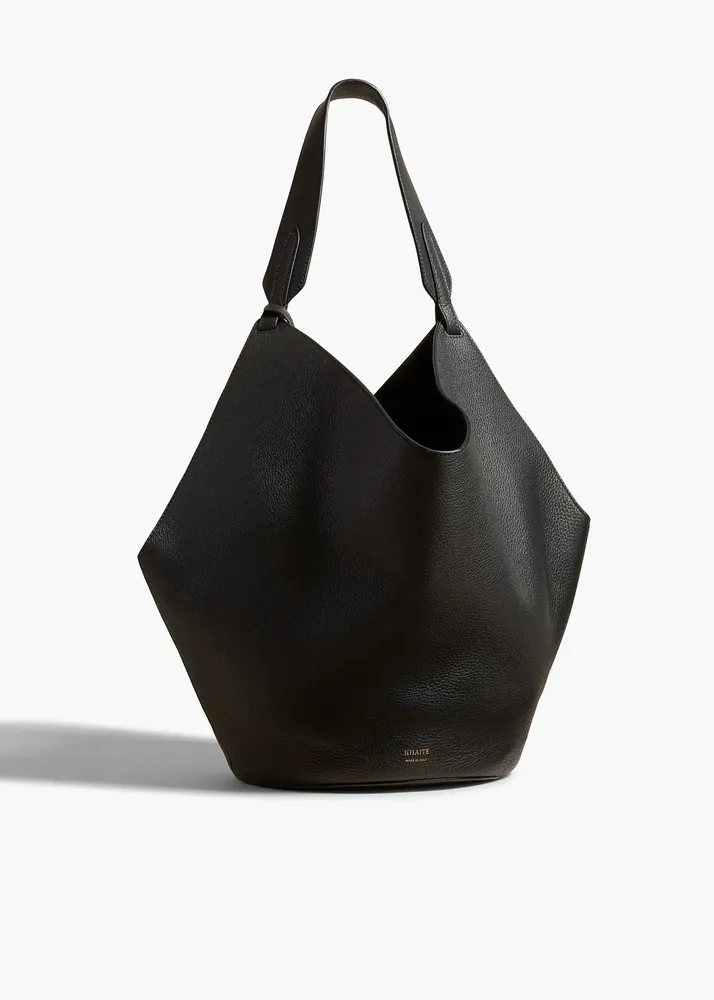 KHAITE Medium Lotus Tote, Black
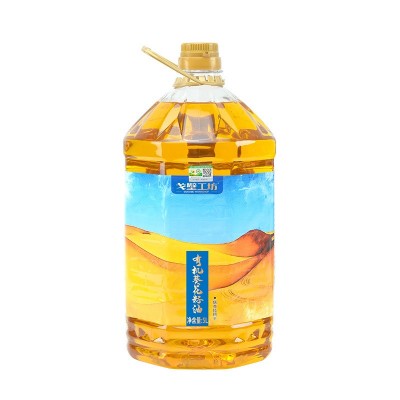 戈壁工坊 有机葵花籽油食用油5L家用物理压榨葵花籽油批发5升包邮图5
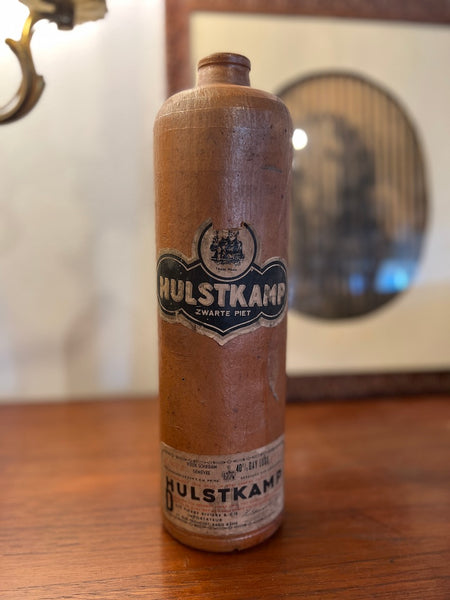 Bouteille vintage en grès Hulstkamp - Gin Genièvre - Années 40/50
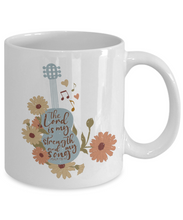 Load image into Gallery viewer, Inspirational Mug - The Lord is My Strength and My Song
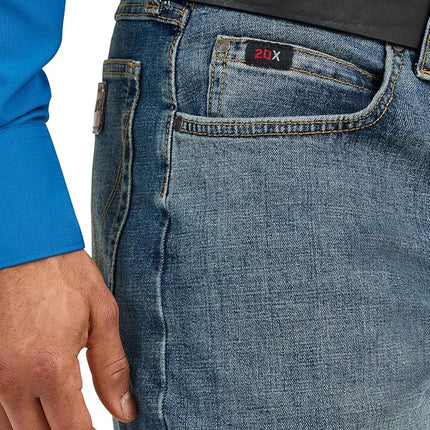 Wrangler Men's 20X Competition Active Flex Relaxed Fit Jean, Thundercloud, 40W x 32L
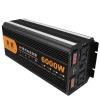 3500W-15000W UPS Sine Wave Inverter Conversion Charger Integrated Machine 12V/24V to 220V Car Converter Power Inverter with LCD Display 2AC Outlets and USB Port,12V-6000W view 1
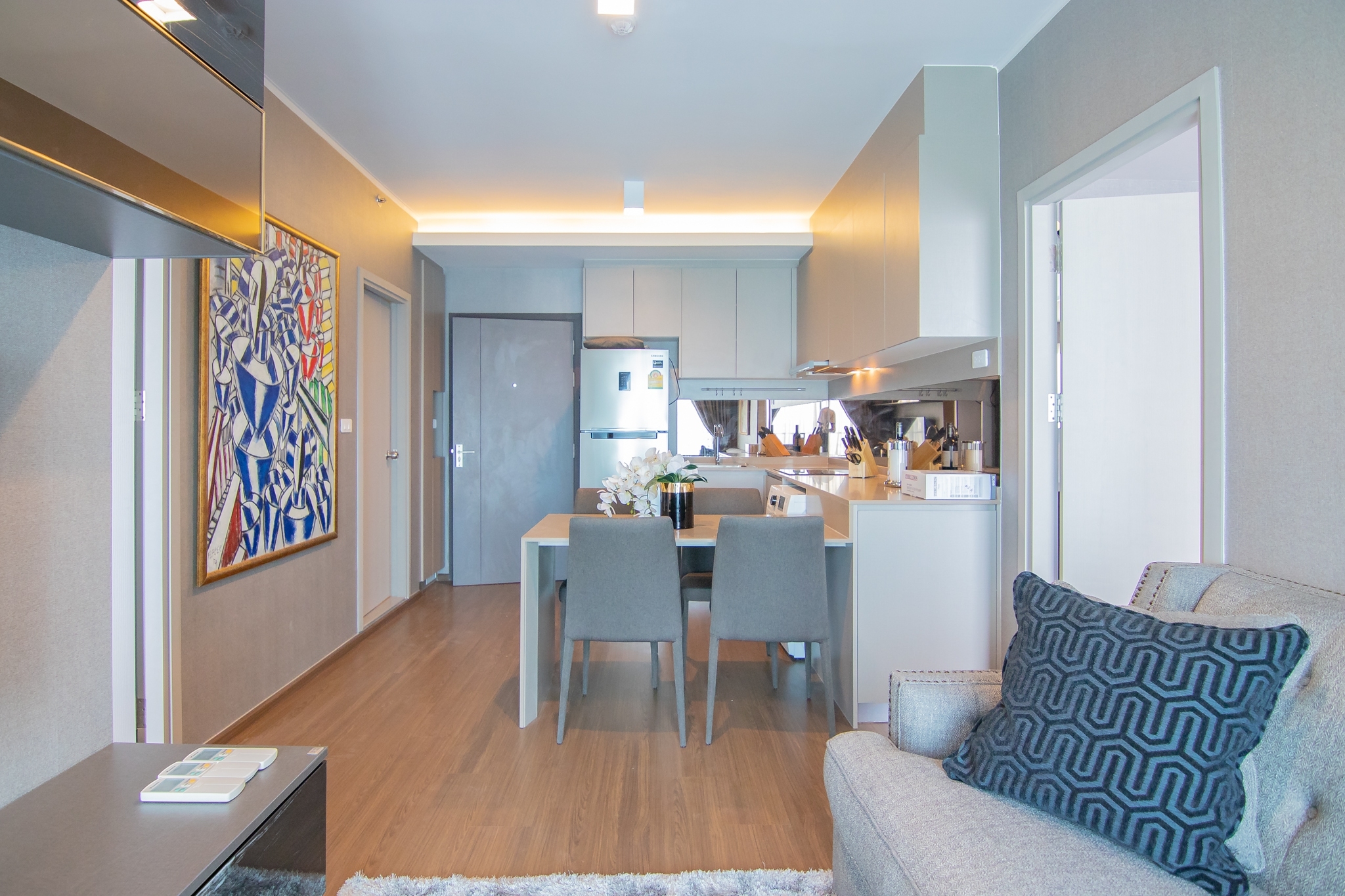 ให้เช่าคอนโด Ideo Sukhumvit 93 (ไอดีโอ สุขุมวิท 93) 2 ห้องนอน 2 ห้องน้ำ ขนาด 52.3 ตรม ชั้น 36 ห้องตกแต่ครบพร้อมอยู่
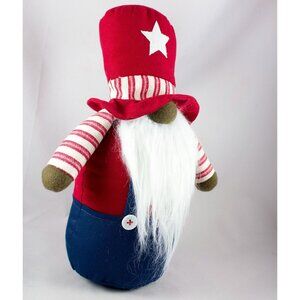 Patriotic Gnome Plush Decoration Stars & Stripes 13.5" Tall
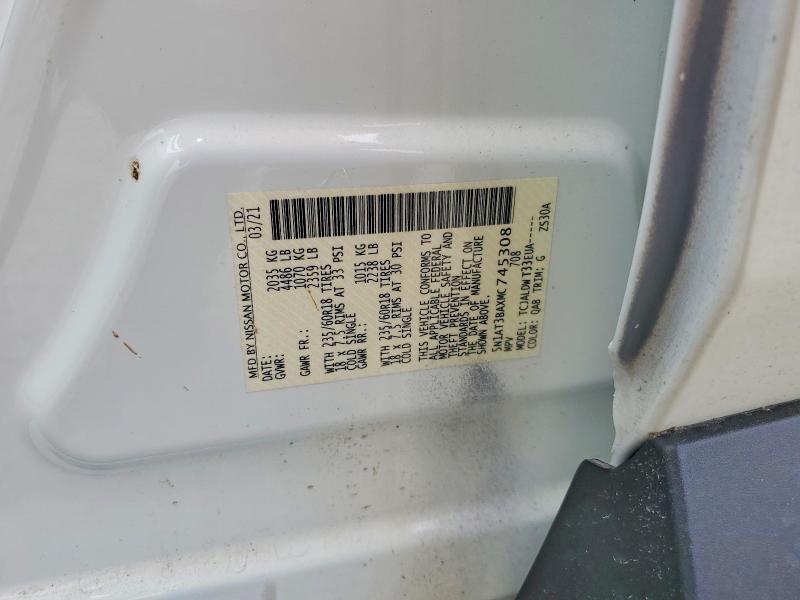 Продаж на аукціоні авто 2021 Nissan Rogue, vin: 5N1AT3BAXMC745308, номер лоту: 55646486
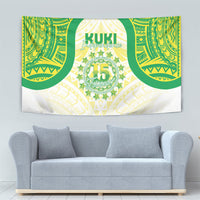 Kuki Independence 2026 Tapestry Cook Islands 15 Finest White Version LT05 - Polynesian Pride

==================================================

Work request:
Output exactly the stretch of the listing that begins at the line containing "戈壁工坊 有机葵花籽油食用油5L家用物理压榨葵花籽油批发5升包邮图5" and ends at the line containing "Wrangler Men's 20X", both kept. Omit pictures and everything else.

Task result:
 戈壁工坊 有机葵花籽油食用油5L家用物理压榨葵花籽油批发5升包邮图5
 Bouteille vintage en grès Hulstkamp - Gin Genièvre - Années 40/50
 Load image into Gallery viewer, Inspirational Mug - The Lord is My Strength and My Song
 Wrangler Men's 20X Competition Active Flex Relaxed Fit Jean, Thundercloud, 40W x 32L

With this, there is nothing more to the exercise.